Stefaan is born in Niel, a former village of brickyards in the shadow of Antwerp. As a son of the painter and commercial artist Louis Eyckmans, he comes in touch with the tools of painting and drawing from an early age on. His father will remain his great teacher and mentor throughout his life. During his student days Stefaan is strongly influenced by the Flemish Primitives, the 17th century still life painters and the Antwerp hyperrealist movement led by Willem Dolphyn. Still later, the more impasto technique of the Dutchman Henk Helmantel and the austere compositions of the Italian Giorgio Morandi leave their traces in his work.

After an education as a character designer and illustrator Stefaan will work in advertising for a while. But more and more he concentrates on his painting. The world of fast advertising messages and deadlines clears space for the silent world of the studio, patient observation and slow build up of timeless compositions.

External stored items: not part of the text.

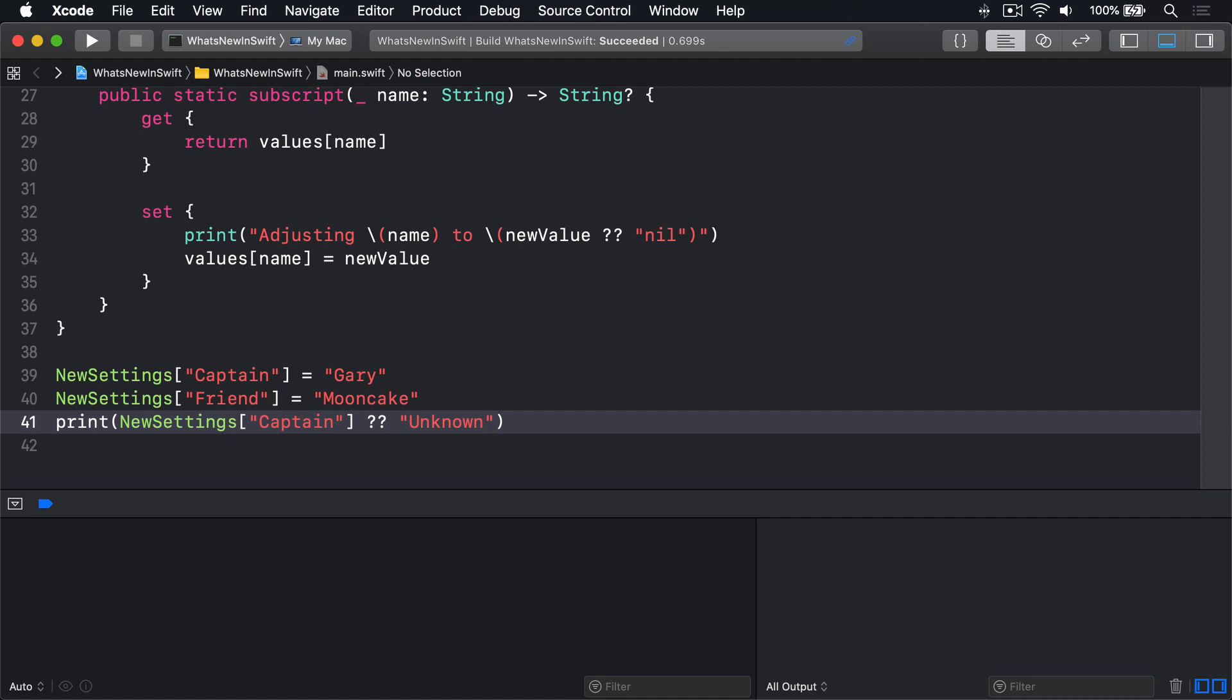Custom subscripts like this have always been possible for instances of types. This improvement makes static or class subscripts possible too.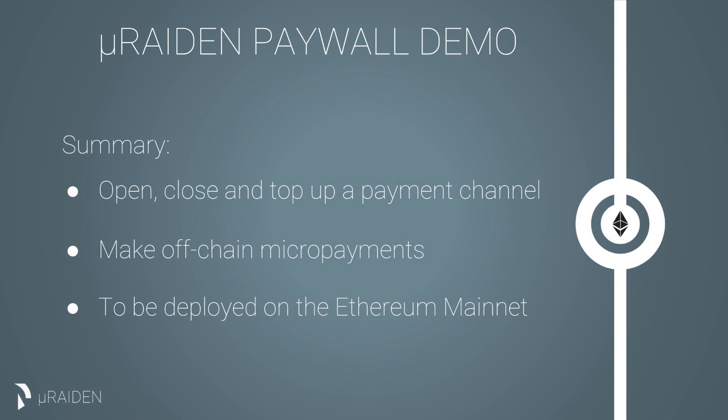You have seen now how to use Micro Raiden for opening, topping up and closing a channel with a service provider as well as how to make purchases using off-chain micropayments with ERC-20 compatible tokens.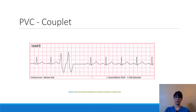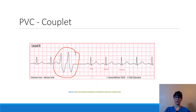Here is an example of a couplet: two PVCs in a row. They both have the same shape and occur sequentially. With an underlying sinus rhythm, this would be interpreted as a sinus rhythm with two coupled, unifocal PVCs.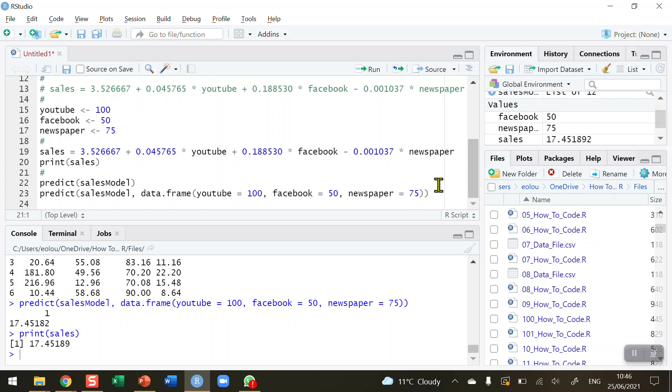You can experiment here with different values to see how this particular type of model works. That's how you create a multiple linear regression model in R and use it to predict values. I hope you found this video useful. Thank you for your attention.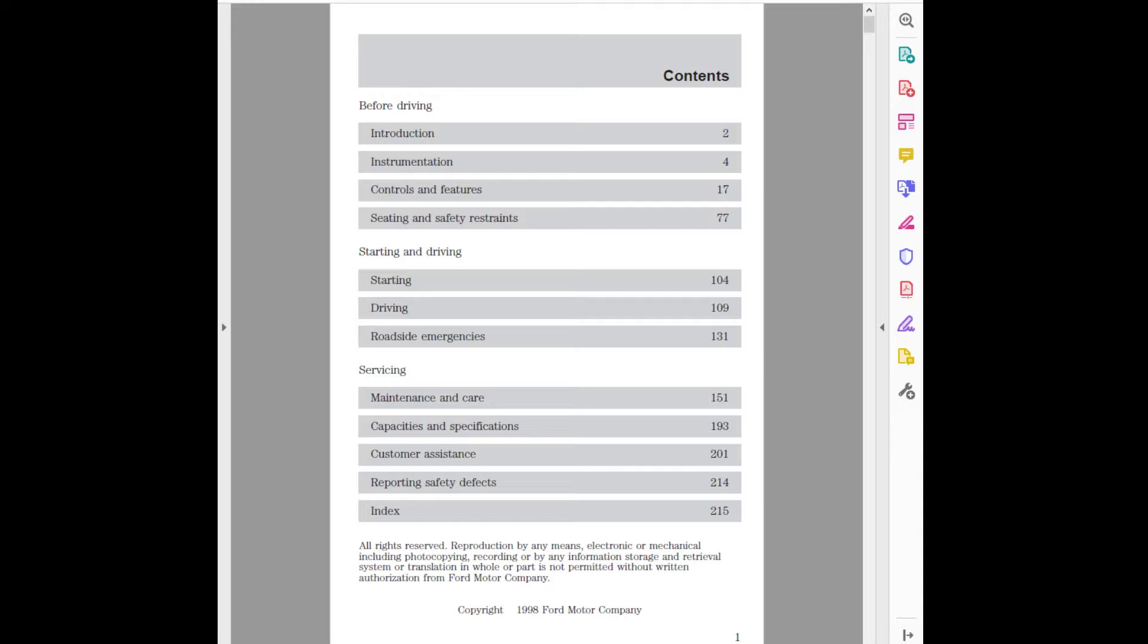All Rights Reserved. Reproduction by any means, electronic or mechanical, including photocopying, recording or by any information storage and retrieval system or translation in whole or part is not permitted without written authorization from Ford Motor Company. Copyright 1998 Ford Motor Company. Contents.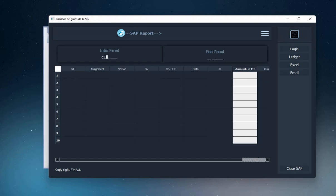Now let's extract the data from the ledger, putting the initial and final period. The system will connect to SAP and populate our table.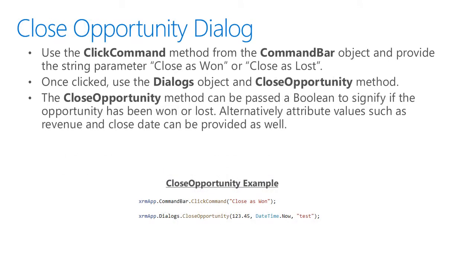For the close opportunity dialog, we need to click the command close as won or close as lost. When using the close opportunity method, we can provide values for the attributes that are on the form itself.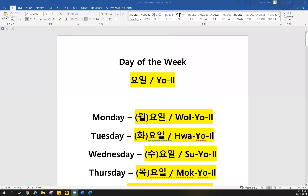I'm gonna share my screen. Three, two, one. Let's get it. So if you guys prepared our previous class note, and if you guys can see my screen and can hear my voice clearly, please write down in the chat with yes, please.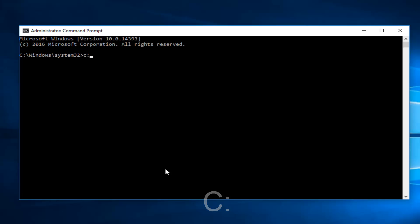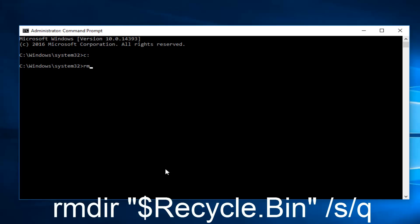Once you're doing that, you want to hit Enter on your keyboard. Now you want to type RMDIR space and then a quotation sign, the two little lines. Then you want to do a dollar sign, Recycle.bin.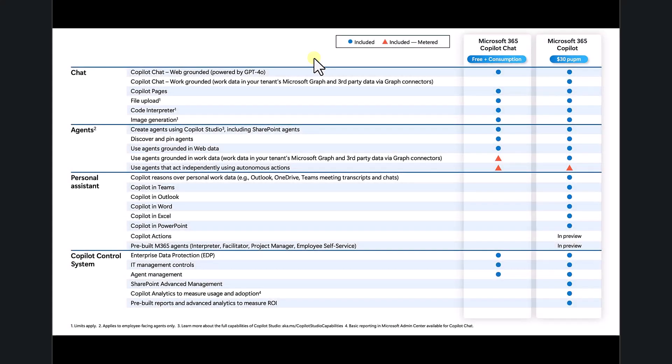The best place to start to understand the consumption or pay-as-you-go options available with Microsoft 365 Copilot Chat is to have a look at this table. In this table we see the comparison between Microsoft 365 Copilot Chat, which starts out as being free and then you can add consumption,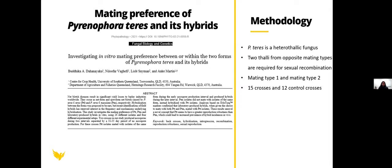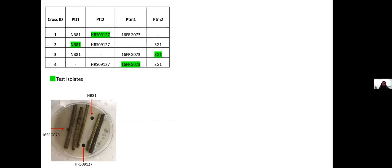Pyrenophora teres is a heterothallic fungus, so it requires two thalli of opposite mating types for sexual recombination. These two types are called mating type 1 and mating type 2. In order to identify the mating preference of Pyrenophora teres, we established 15 crosses and 12 control crosses. In this presentation, I will talk about the mating preference of PTT and PTM only; however, the full research article is available online.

In our postmodern age where official academia reject beauty as corny and museums of 'fine' (beaux) arts get amputated to museums of 'contemporary' art, Stefaan resolutely opts for beauty as an objective yardstick. By examining the form, the continuous search for the essence and the best composition, Stefaan tries to create another pristine reality. The paintings radiate tranquillity and balance. They are in the artist's own words, 'emergency exits from our stressed consumer society'. The tonal technique of the old masters in combination with modern materials, colours and objects, results in a contemporary realism with roots in a centuries-old tradition of painting.

How realistic and detailed they are, the still-life paintings of Stefaan arise from a tightly composed abstraction. Already from a distance the colours, shapes and subtle lighting should seduce the viewer. But only on approach the paintings will reveal their surprising details.

Stefaan leads a secluded life in the French Quercy Blanc region, in a small hamlet between the vineyards of Cahors. There he works in a converted barn at 'l'Ancien Presbytère de Troniac'.